Haigh is intrigued by the often silent space between two characters. Here the two characters are Charley Thompson (Charlie Plummer), a friendless and latterly homeless teenager, and a horse. The knackered old non-thoroughbred racer is, for reasons unexplained, called Lean on Pete, and Charley does lean on him for an emotional sustenance that humans cannot be relied upon to provide.
Chief among these is his father Ray (Travis Fimmel), a rackety lothario who cooks for a living but omits to stock his own fridge. The mother has long vanished. Charley is so uncertain of his domestic status that he asks his dad’s latest squeeze if he’s allowed a glass of water. He’s a good boy. He picks up litter. He doesn’t complain at his abandonment. He jogs. One day he jogs past a stable where an old crank called Del (Steve Buscemi) offers him shifts as a stable lad. There Charley buddies up with Lean on Pete, whose thrilling companionship plants a rare goofy smile on his sweet but impassive, defended face.
Del is another of Buscemi’s scowling, scrapping lowlifes — ‘sometimes I want to punch myself in the face if I see another horse’, he says. The survival instinct teaches him to spurn sentiment. It’s not a life lesson Charley can willingly ingest, even when the softer, kindlier jockey Bonnie (Chloë Sevigny) repeats that Lean on Pete is no pet. But the horse will only escape being sold to a Mexican slaughterhouse if illegal stimulants keep him winning on Oregon’s low-rent race circuit. So Charley embarks on a desperate effort to preserve him.

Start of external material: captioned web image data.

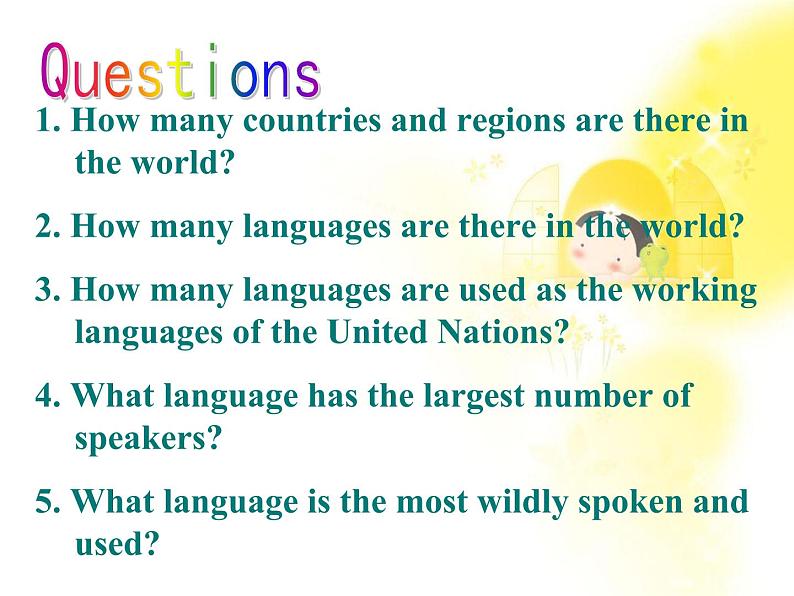 英语人教版必修1 2.8Unit2《English around the world》课件第5页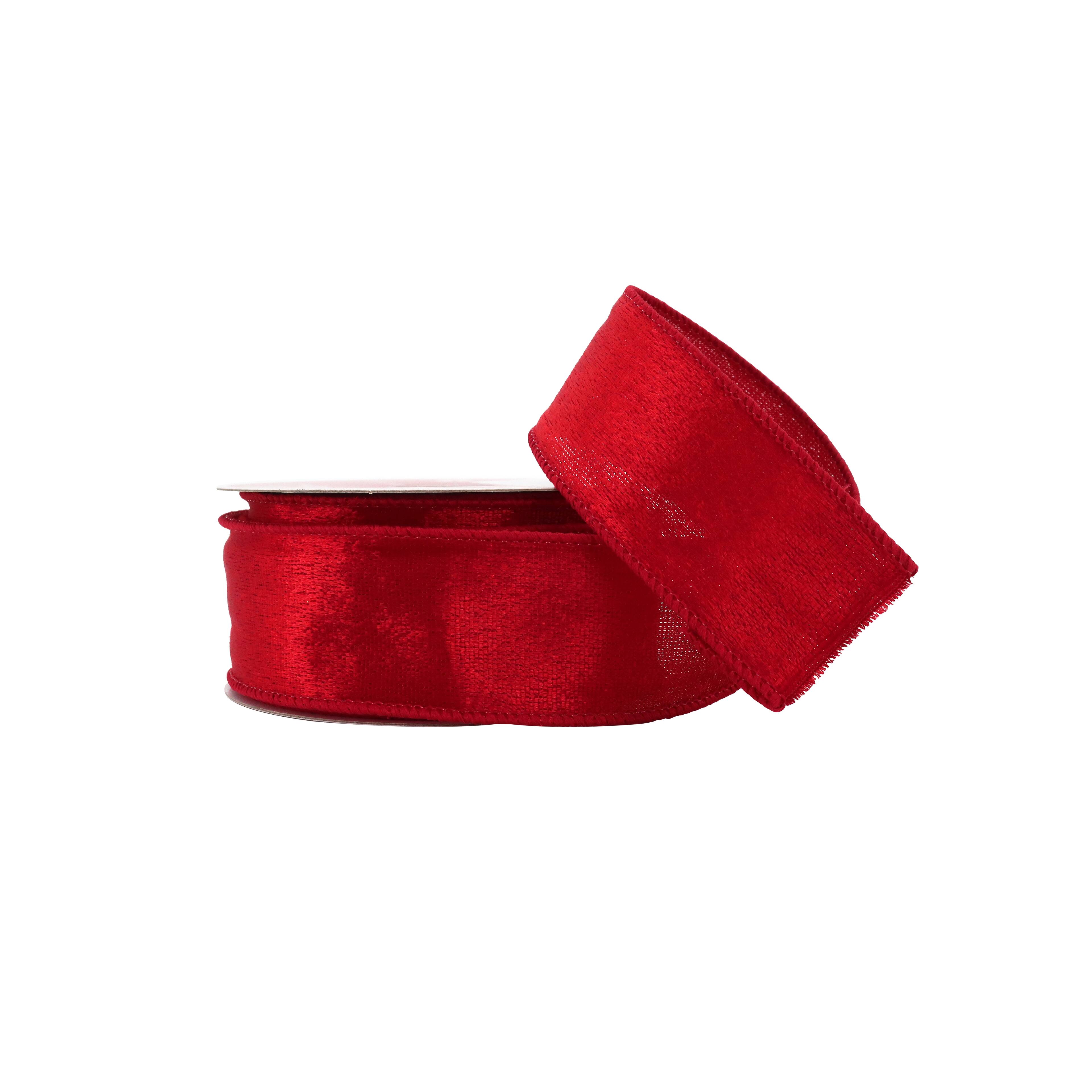 2.5 Red Velvet Wired Ribbon by Celebrate It | 2.5 x 25ft | Michaels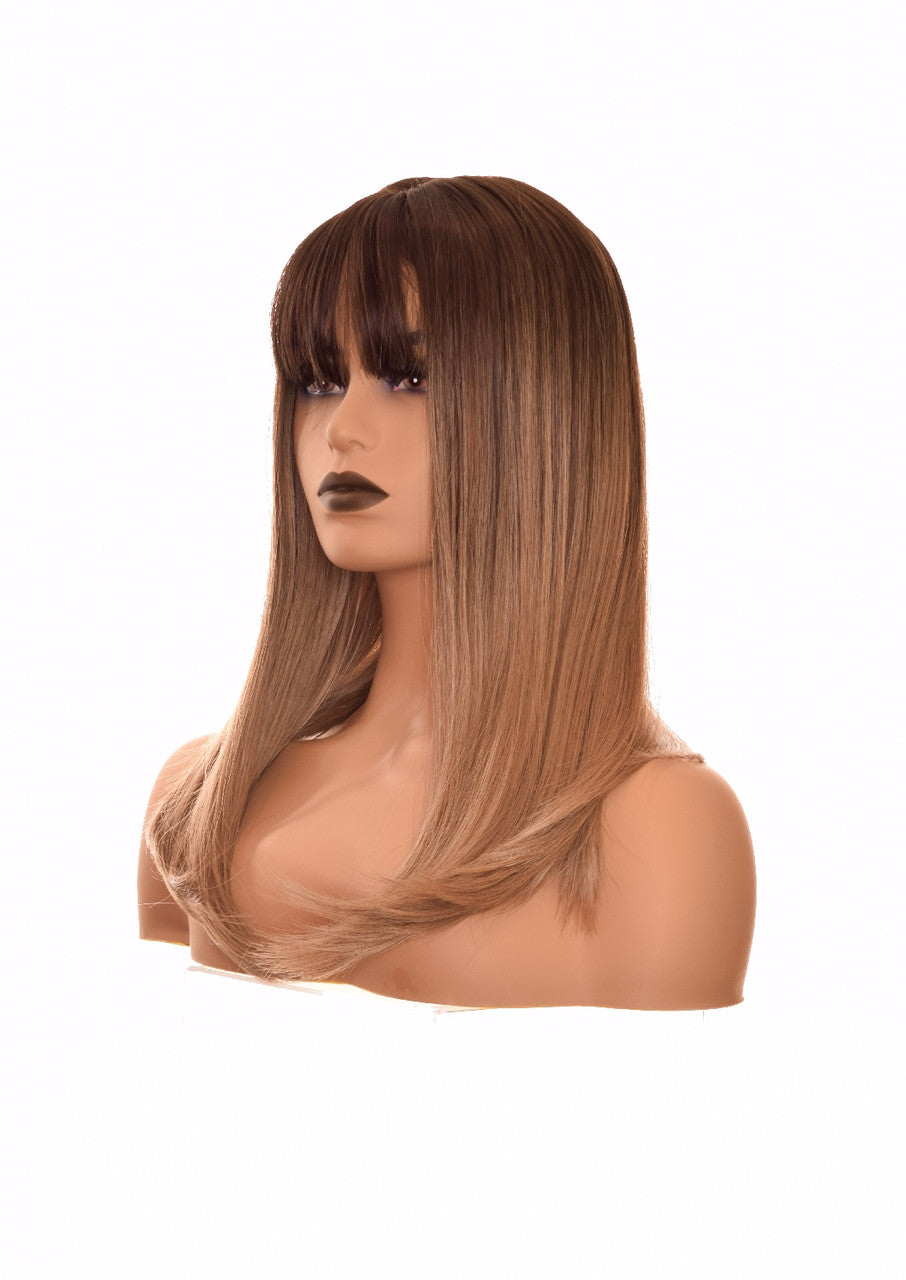 Dark Blonde Ombre Bobbed Hairstyle Wig. Jaki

By now Charley has lost his father, fatally wounded by a cuckolded Samoan, and his only hope of salvation is to make his way to a long-lost aunt way off in distant Wyoming. Devotees of Huck Finn may detect a homage. The film assumes the random, disjointed shapelessness of a road movie. The orphaned Charley has nothing but his wits to fall back on, and must hope for the kindness of strangers who between them represent various stripes of American pathology — army veterans who nonchalantly recall mutilations in combat; addicted hobos; an obese teenage girl deprived of love who tells Charley, ‘When you don’t have anywhere else to go you’re kinda stuck.’ Perhaps even the condemned Lean on Pete is a symbol of evanescent American heroism. With only Pete to listen, Charley one-sidedly reminisces about better times at his old school in Spokane, Washington, when he was on the football team and went to friends’ houses — the hoarded shards of a lost paradise.

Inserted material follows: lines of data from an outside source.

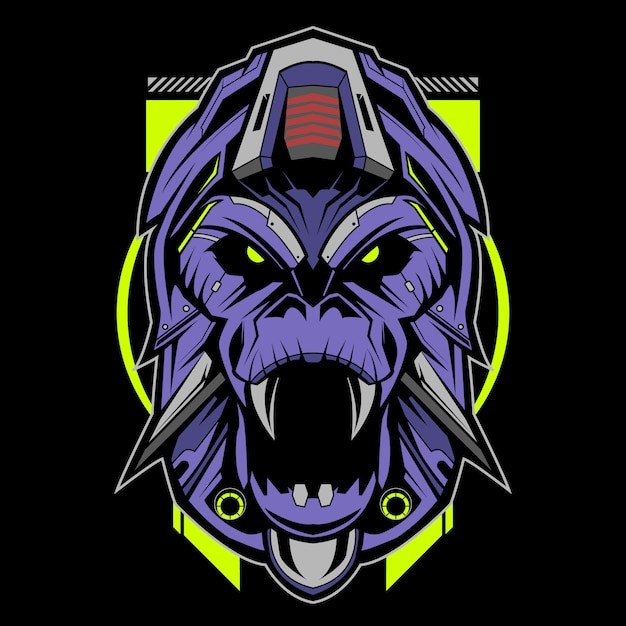 大猩猩机甲插画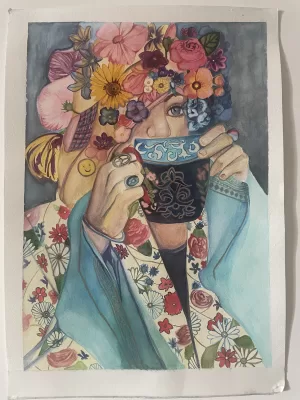 Woman drinking tea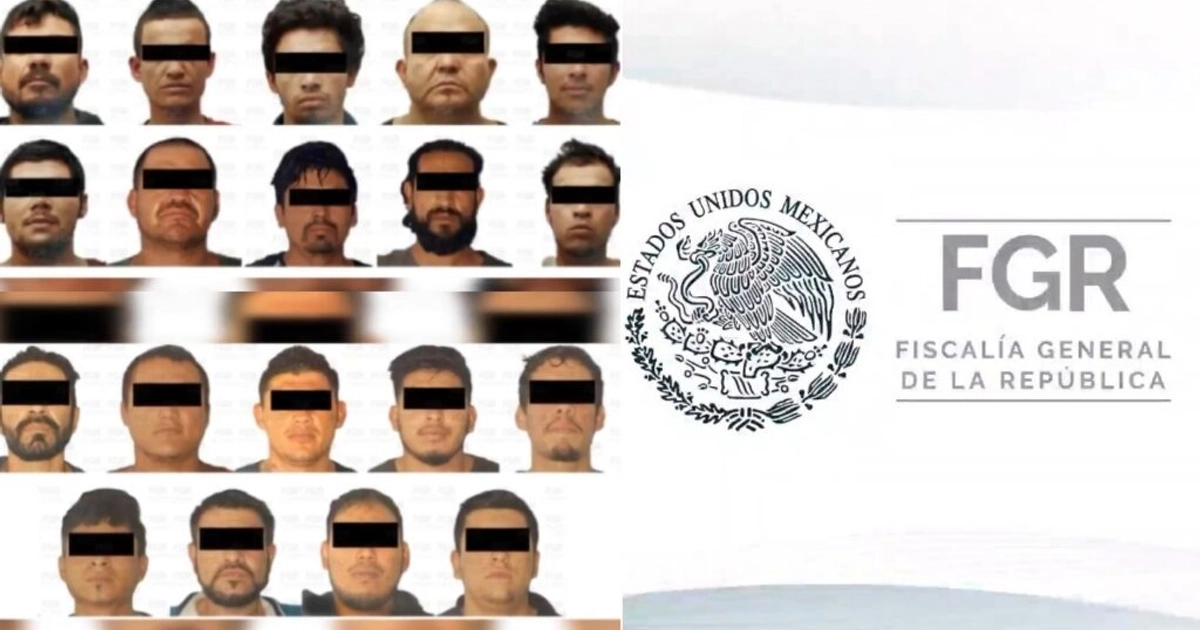 FGR sentencia a 19 integrantes del CJNG a hasta 18 años de prisión. Foto: FGR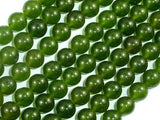 Jade Beads, Olive Green, 8mm Round Beads-Gems: Round & Faceted-BeadXpert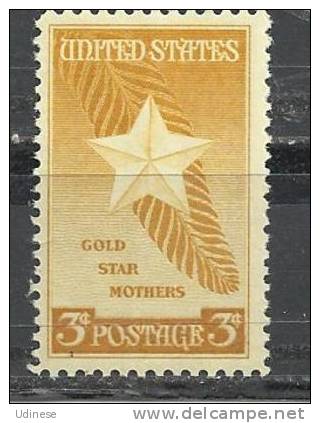 USA 1948 - GOLD STARS MOTHERS - MNH MINT NEUF NUEVO - Ungebraucht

The camera stalks Charley like a shadow. At his very loneliest it rears back to put him in his place: a solitary dot in the vast northwestern nowhere bordered by heedless peaks. After a while you begin to regard the script as an exercise in remorseless Hardyesque sadism and long for the glimmer of redemption. Haigh, as is his wont, is a parsimonious storyteller who plants key details in the corner of the screen. Take the first scene, when his dad’s new girlfriend cooks breakfast. We see her hands at the hob. Then, when she walks across shot, it’s revealed she’s still in her underwear. Only as she leaves is her face discovered. She’s a disembodied nobody but her glancing impact on Charley’s future is incalculable.
Charlie Plummer, a skinny blond wisp, shoulders Charley’s story of yearning and despair with extraordinary skill. On his picaresque trek from blue-eyed innocence to dirt-smudged experience he often keeps his cards close to his chest, saying little or nothing, only to be provoked into explosions of extreme emotion. The horse, snorting and stamping, also gives a highly charged performance. Lean on Pete is a beauty. Giddy up and go.